His comments extend a discussion among members of the FOMC about how to better explain their forecasts and policies to the public. At a press conference last week, Fed Chairman Ben S. Bernanke said options include clarifying the central bank’s long-term inflation goal, publishing the likely path of interest rates, and tying the Fed’s pledge to hold rates low to specific levels of employment and inflation -- a strategy espoused by Chicago Fed President Charles Evans.
The Fed reached no decision to adopt a new communication strategy at its Nov. 1-2 meeting and didn’t decide on any additional programs to combat an unemployment rate that has stayed near 9 percent or higher for 31 months.
Kocherlakota supported this month’s policy statement, after joining Dallas Fed President Richard Fisher and Philadelphia’s Charles Plosser in dissenting from the previous two statements announcing new stimulus measures.
Kocherlakota said the central bank has “tools remaining” to lower borrowing costs. It could buy more Treasury securities or housing debt, as well as “extend its prediction for how long it will keep its target short-term interest rate exceptionally low,” he said.
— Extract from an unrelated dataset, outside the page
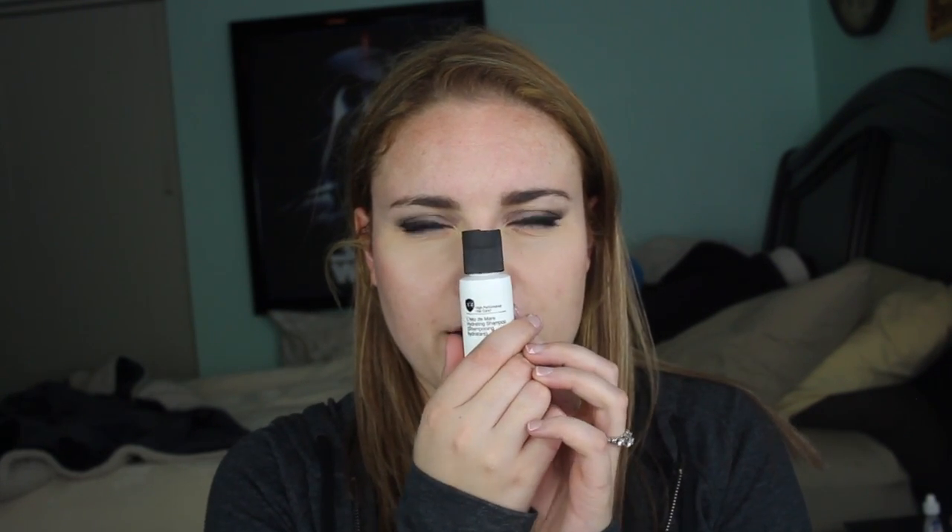It smells so good — it has a light, almost jasmine-y floral scent. Honestly it just smells like a hair salon, that very iconic hair salon smell. Alright, I'm done rambling about hair care.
“However, the FOMC should do more than simply decide at each meeting whether or not to buy more assets or to keep interest rates low for longer,” he said.
The Minneapolis Fed chief provided an example of the contingency planning he called on the Fed to adopt, imagining a situation where core inflation -- which excludes prices of food and energy -- rises more than expected and unemployment remains elevated.
“Suppose hypothetically that core inflation, and the outlook for core inflation, has risen to 3 percent by the end of 2013, while unemployment has fallen to between 8 percent and 8.5 percent,” he said. “A public contingency plan would allow the public to know what the committee intends to do in that eventuality.”
In their summary of economy projections, released last week, central bankers said they expect core inflation to remain between 1.5 percent and 2 percent through 2014. Policy makers forecast unemployment will fall to 8.5 percent to 8.7 percent at the end of 2012 and 7.8 percent to 8.2 percent at the end of 2013.
Employers added 80,000 workers to payrolls in October, the Labor Department reported on Nov. 4, and the unemployment rate fell to 9 percent from 9.1 percent.
Kocherlakota said the Fed’s recent decisions to pledge to hold interest rates near zero through at least mid-2013 and to extend the maturities of $400 billion of government securities in its portfolio were inconsistent with economic data.
“This kind of inconsistency is much less likely to occur once the FOMC has formulated an explicit public contingency plan.”
“A public FOMC contingency plan can help reduce the level of policy uncertainty being created by the Fed,” Kocherlakota said.
Kocherlakota, 48, received his doctorate in economics from the University of Chicago. He taught at the University of Minnesota before becoming president of the Minneapolis Fed in October 2009.